Londra’ya gitmek üzere Kıbrıs’tan ayrılması beklenen (gazetenin yayına girdiği saatlerde) Aleksander Downer Başkanlık Komiseri Yorgos Yakovu ve işgal liderinin çalışma arkadaşı Osman Ertuğ ile görüştü.
Edindiğimiz bilgilere göre görüşme sırasında teknik komitelerin gidişatı ele alındı. Bu komitelerdeki görüşmelerin ilerlemediği ve Türklerin, ellerindeki her imkânla sahte devleti yükseltme ön şartlarını yaratmaya çalıştığı aşikârdır.
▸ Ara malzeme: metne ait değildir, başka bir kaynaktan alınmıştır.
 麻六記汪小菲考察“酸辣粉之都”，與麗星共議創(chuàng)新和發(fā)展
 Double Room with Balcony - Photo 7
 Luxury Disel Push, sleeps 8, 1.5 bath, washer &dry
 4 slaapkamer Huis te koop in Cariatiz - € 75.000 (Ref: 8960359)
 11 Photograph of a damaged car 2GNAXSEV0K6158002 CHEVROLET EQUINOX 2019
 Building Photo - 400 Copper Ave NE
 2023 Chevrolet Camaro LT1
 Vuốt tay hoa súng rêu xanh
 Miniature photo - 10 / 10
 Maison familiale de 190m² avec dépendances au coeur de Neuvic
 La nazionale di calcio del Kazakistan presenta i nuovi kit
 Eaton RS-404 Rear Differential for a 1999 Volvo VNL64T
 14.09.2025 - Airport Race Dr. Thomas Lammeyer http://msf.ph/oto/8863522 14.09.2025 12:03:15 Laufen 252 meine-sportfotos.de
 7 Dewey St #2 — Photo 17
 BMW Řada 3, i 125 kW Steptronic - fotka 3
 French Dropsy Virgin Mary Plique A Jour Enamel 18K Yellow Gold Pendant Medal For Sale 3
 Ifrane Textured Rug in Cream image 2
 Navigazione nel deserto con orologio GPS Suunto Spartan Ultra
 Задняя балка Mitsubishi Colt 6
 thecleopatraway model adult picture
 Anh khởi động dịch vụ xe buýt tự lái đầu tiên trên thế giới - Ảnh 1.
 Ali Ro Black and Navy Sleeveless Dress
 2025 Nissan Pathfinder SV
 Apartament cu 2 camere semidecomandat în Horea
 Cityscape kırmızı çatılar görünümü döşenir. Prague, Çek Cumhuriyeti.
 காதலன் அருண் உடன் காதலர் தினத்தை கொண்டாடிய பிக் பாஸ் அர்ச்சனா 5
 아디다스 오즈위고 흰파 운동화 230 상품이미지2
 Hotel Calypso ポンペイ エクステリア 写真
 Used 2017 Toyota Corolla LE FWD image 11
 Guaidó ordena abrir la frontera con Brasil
Genel görüntü, bazı istisnalar hariç, çoğu teknik komitenin iş öretemediği ve BM’ye açıklama yapma olanağı sağlamadığıdır. Son dönemde de, polislerin ve balıkçıların kaçırılması gibi ortamı ağırlaştıran olaylar cereyan etmişti.
Öğrenildiği üzere Aleksander Downer Atina, Ankara ve Brüksel’e gidecek ve ocak ayında, başkanlık seçimlerine birkaç hafta kala Kıbrıs’a geri gelecek.”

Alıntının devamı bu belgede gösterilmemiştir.